SHARE PURCHASE AGREEMENT
This SHARE PURCHASE AGREEMENT (this Agreement) is entered into on July 13, 2010, between Mr. Xue Zhixin (a Chinese citizen who ID number is 140102196210230813) (the Seller), and Agria Corporation, a company organized and existing under the laws of Cayman Islands (the Purchaser).
RECITALS:
WHEREAS, Primalights III Agriculture Development Co., Ltd. (the Company) is a company organized and existing under the laws of the People’s Republic of China (the PRC).

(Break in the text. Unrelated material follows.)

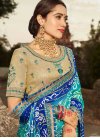 Bandhej Print Work Blue and Turquoise Traditional Saree - 1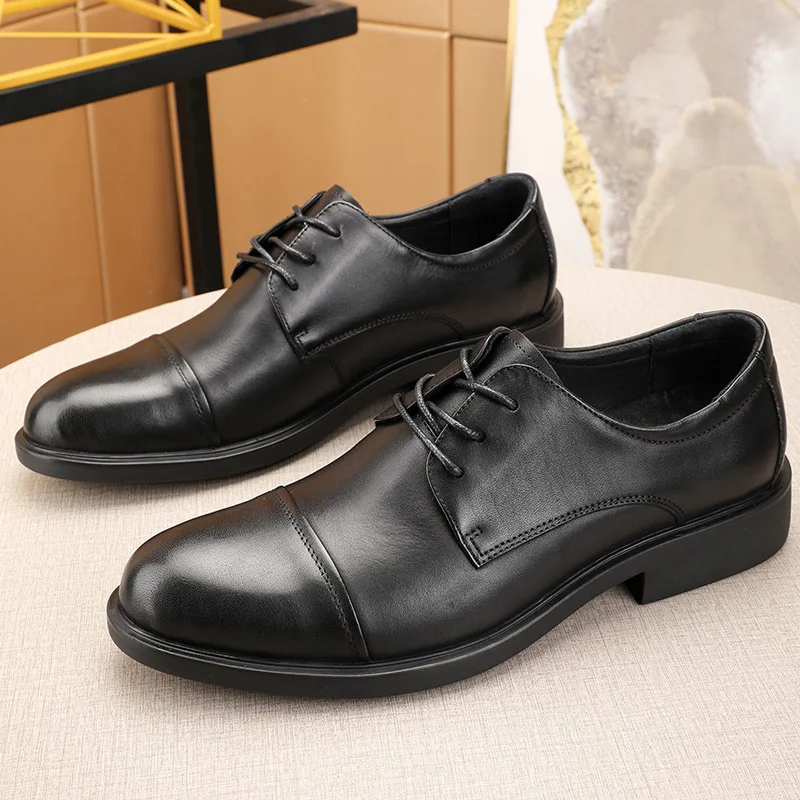 All-match Dress Shoes Genuine Leather Cowhide Boots Men Luxury Brand Shoes  Autumn Winter British Retro Men Shoes High Quality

Through its wholly-owned enterprise, Aero-Biotech Science & Technology Co., Ltd. (Aero-Biotech), a foreign-owned enterprise organized under the laws of the PRC, which entered into certain agreements with the Company on June 8, 2007 as set forth in Exhibit I attached hereto (the Controlling Agreements), the Seller exercises actual control over the Company and receives all of the economic benefits of the Company;
WHEREAS, the Seller legally owns 21,943,040 ordinary shares of the Purchaser; and
WHEREAS, the Seller wishes to sell to the Purchaser, and the Purchaser wishes to purchase from the Seller, 14,393,400 ordinary shares of the Purchaser owned by the Seller, representing 11.5% of the Purchaser’s issued shares (the Transferred Shares), subject to the terms and the conditions set forth in this Agreement;
NOW, THEREFORE, in consideration of the mutual promises, representations, warranties, agreements and covenants set forth in this Agreement and other good and valuable consideration, the receipt and sufficiency of which are hereby acknowledged, the parties hereto mutually agree as follows:
ARTICLE I
DEFINITIONS
SECTION 1.01. Certain Defined Terms
Aero-Biotech has the meaning specified in the recitals of this Agreement.

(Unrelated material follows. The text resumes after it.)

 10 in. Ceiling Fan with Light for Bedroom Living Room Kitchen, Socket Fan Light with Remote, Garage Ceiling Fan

Affiliate means, with respect to a specified person, any other person that directly or indirectly controls, is controlled by or is under common control with such specified person.
Agreement has the meaning specified in the preamble of this Agreement.
Closing has the meaning specified in Section 2.01.
Closing Date has the meaning specified in Section 2.03.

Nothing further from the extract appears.